Texas-based independent singer-songwriter Micah Peacock can attest to music’s potent play in our spiritual lives. As a worship leader at St. Andrew United Methodist Church, a two thousand-member congregation located in the sprawling Dallas suburb of Plano, Texas, every week Micah witnesses the holistic spiritual perspectives music motivates in the day-to-day life of a Christ follower. “To see people embrace fresh ways of worshiping the Lord and beginning to realize what true worship is,” Micah relates, “and what that kind of encounter with Jesus can mean in our lives, is amazing.”
As stories of fresh spiritual awareness began to surface in his life and the lives of his fellow congregants, Micah started journaling the best way he knew how – by writing songs that birthed his first full-length record, Shadow to Sunlight.

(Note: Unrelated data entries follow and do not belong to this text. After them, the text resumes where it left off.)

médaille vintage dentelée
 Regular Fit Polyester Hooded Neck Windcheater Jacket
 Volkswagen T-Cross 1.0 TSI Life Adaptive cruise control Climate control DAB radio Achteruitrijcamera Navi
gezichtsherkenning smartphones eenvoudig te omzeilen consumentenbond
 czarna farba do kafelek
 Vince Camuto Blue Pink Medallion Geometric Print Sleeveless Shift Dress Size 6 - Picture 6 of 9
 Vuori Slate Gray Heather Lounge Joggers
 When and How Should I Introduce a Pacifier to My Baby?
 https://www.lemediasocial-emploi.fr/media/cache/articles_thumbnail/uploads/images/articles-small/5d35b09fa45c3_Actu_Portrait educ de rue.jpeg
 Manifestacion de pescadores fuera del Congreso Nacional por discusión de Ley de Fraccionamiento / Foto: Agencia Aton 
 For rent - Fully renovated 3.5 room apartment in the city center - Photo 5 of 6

“As I heard the stories in our congregation, and as a new season in my life was unfolding in Dallas, I began to pick up on the glimpses of eternity right in front of us,” he relates with the same manner of thoughtfulness that wisely shapes his songwriting and humble leadership posture. “Writing about these stories evolved into this album.”
“Truth is not a battlefield for fights among the intellects / It’s Who we’re pointing to and how we’re looking at the rest...” – from “Mystery”
For many songwriters, leading worship is a forum to publicize their original art and help in establishing a professional name among peers in the industry. For Micah, a history of leading worship for congregations across the country has thoughtfully informed his songwriting craft, causing musical worship of God, and the experience that creates for the church, central to his musical message.
“When I lead worship, I see the light bulbs turn on in people’s minds as we discover what worship can mean in our lives,” he explains of his motivation to connect corporate worship with personal connection to God. “There seems to be an overarching call to crack the veneer of Christianity and push forward to a more through-and-through commitment.”
“Our culture is full of people who long for deep experiences – within our faith, within our jobs, within our marriages and relationships – but our spiritual eyes have been conditioned to see things as a fraction of what they are meant to be,” Micah opines. “We have set our sights on building a personal, future empire, instead of opening up our hearts to the possibility that Heaven itself is being built in the stillness of the here and now.”